In order to prevent the reverse engineering of software, there have been some protection measures [1]
, mainly through the application of the overall encryption
And how to detect the debugger. However, because the program must be decrypted under the condition of the runtime to run correctly, the debugger's check
Usually only before the original entry of the program. So this method is unreliable. This paper presents a new protection
Mechanism, which utilizes virtual machine technology to solve this problem effectively.
Virtual machine is relative to the physical existence of the computer, is a real computer with all the work
Able virtual Computer [2]
。 It can use software to simulate a set of instructions to be shipped on a hardware device using another set of instructions.
Line, there is no functional difference except for the slower running speed.
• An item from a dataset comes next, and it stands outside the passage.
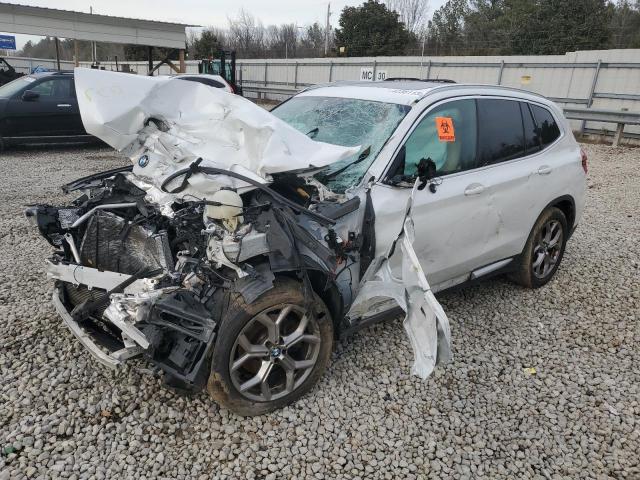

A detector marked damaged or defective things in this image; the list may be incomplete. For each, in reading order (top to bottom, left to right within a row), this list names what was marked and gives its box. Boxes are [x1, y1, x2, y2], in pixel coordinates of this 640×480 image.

It is mainly used to unify the platform of program operation, analyze and tune
Test procedures, simulation software and hardware. While software simulation is much slower than direct hardware execution, the hardware is constantly
and special needs, the technology is still widely used in research, business and personal applications. Software simulation refers to
A set can be a real hardware device, or it can be virtual. Because the analysis of software instruction needs to master its instruction set first,
So if the software contains an unusual or no documentation of the instruction set code, even a short piece of code, the analysis of the
will also face great difficulties. If we add some back analysis techniques to be put forward later, we will be very effective in realizing
Protection of the software.
2. Virtual Machine Software Protection process

Virtual machine software protection can be divided into two parts: the first is the protection section, that is, the code block to be protected into a virtual machine
Code, followed by the execution part, that is, after the release of the protected software, the virtual machine directive is correct when it is delivered to the user
To execute virtual machine code.
The overall process of protecting the original code is shown in Figure 1:

2.1  Extract the code block to be protected
because the amount of code after the conversion of the virtual machine will be greatly increased, and the execution speed is greatly reduced, so generally do not
need to transform the entire program, simply select the software registration or do not want to be reverse analysis and need to be confidential The
code block. In general, these parts are not many and do not require high operational efficiency.
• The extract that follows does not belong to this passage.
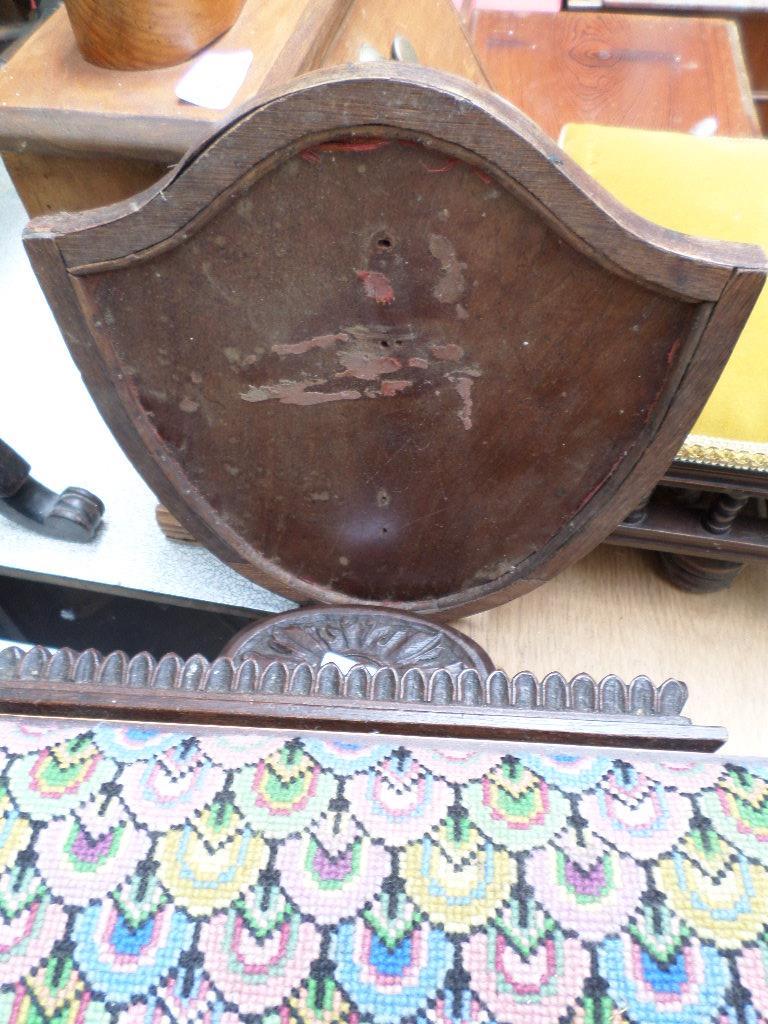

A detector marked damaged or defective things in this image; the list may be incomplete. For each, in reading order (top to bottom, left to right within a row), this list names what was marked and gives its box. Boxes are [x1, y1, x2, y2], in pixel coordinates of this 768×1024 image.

peeling paint [356, 270, 396, 306]
peeling paint [428, 236, 464, 304]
due to the special nature of the virtual machine directive, it is very difficult to determine the correspondence of the virtual machine instruction with the other entry location if the command is executed in only one place. The general situation is in the function process body unit, can guarantee the generation of
code block only a single entrance.
Since most software is developed in high-level languages, in order to simplify locating blocks of code to be protected, it is possible to add a special tag that does not affect the program's operation before or after the high-level language is
protected, which facilitates the program to automatically locate and extract blocks of code to be
protected. The code block previously extracted by
2.2  machine instruction decoding
is the original machine instruction stream. In order to reduce the complexity of converting to virtual machine instructions, and to facilitate the
unification of the conversion of different platform machine instructions, the original machine instruction is transformed into an intermediate instruction which is easy to understand and analyze.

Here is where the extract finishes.